- Biomedical Research (2009) Volume 20, Issue 3
Anterograde Synaptic Transport of Neuronal Tracer Enzyme (WGA-HRP): Further Studies with Rab3A-siRNA in RatsYoshiki Takeuchi1*, Yoshiki Matsumoto1, Takanori Miki1, Toshifumi Yokoyama2, Katsuhiko Warita1, Zhi-Yu Wang1, Takashi Ueno1, Tomiko Yakura1, Mamoru Fujita3
- *Corresponding Author:
- Yoshiki Takeuchi
Department of Anatomy and Neurobiology
Faculty of Medicine, Kagawa University
1750-1 Ikenobe, Miki-cho, Kita-gun
Kagawa 761 0793, Japan
E-mail: take[email protected]
Accepted date: May 28 2009
Neuronal tracer enzyme of wheat germ agglutinin conjugated horseradish peroxidase (WGA-HRP) was employed to elucidate the detailed morphology of anterograde synaptic transport. After injection of WGA-HRP into the vagus nerve, sensory terminals in the nucleus of solitary tract (NST) were observed at the electron microscopic level using the tetramethyl benzidine and diaminobenzidine methods. In neuropil of the NST, electron-dense HRP-reaction product (HRP-RP) showed various types of lysosomallike structures. The RP characterized by containing membranous substance crossed synapses forming a mass without membrane surrounding the RP. Additionally, phenomena of anterograde synaptic transport of the RP and exocytosis of synaptic vesicles never occurred simultaneously. These findings raised the possibility of inducing synaptic transport of WGA-HRP at the stage of no neurotransmitter release, i.e. no activation of neuron. Therefore, further experiments were performed after co-injection of Rab3A-siRNA with WGA-HRP into the vagus nerve. This co-injection frequently resulted in not only suppression of vesicle trafficking to active zones and docking to pre-synaptic membranes but also abnormal aggregation of synaptic vesicles at terminals. Furthermore, synaptic transport of WGA-HRP, including secretion, followed by endocytosis of post-synaptic neurons was better seen in the experiments.

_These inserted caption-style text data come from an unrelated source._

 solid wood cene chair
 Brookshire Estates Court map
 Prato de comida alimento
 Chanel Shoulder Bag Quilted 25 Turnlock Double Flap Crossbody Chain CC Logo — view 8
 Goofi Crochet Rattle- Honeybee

Anterograde synaptic transport, Rab3A-siRNA , vagus nerve, WGA-HRP
Synaptic transmission on neuronal network is exclusively essential for the brain to function. Morphological analysis onto the functional implication at cellular and molecular levels is useful to understand the normal and pathological brain conditions. It is evident that synaptic vesicles move to axon terminals along microtubules under existence of kinesin superfamily [1-3] and chemical synaptic transmission based on exocytosis of synaptic vesicles is made at the pre-synaptic membrane with highly specialized structures forming contacts. However, some kind of protein, such as neuronal tracer enzyme of wheat germ agglutinin conjugated horseradish peroxidase (WGA-HRP), has also been well known to have anterograde synaptic transport [4-6]. It is believed that transport of WGA-HRP belongs to exocytosis as well as that of chemical synaptic transmission . In this point, the present study was performed to investigate whether the manner of anterograde synaptic transport of WGA-HRP is in accordance with that of vesicular transport and, in addition, changes of chemical synaptic transmission exert influence on transport of WGAHRP.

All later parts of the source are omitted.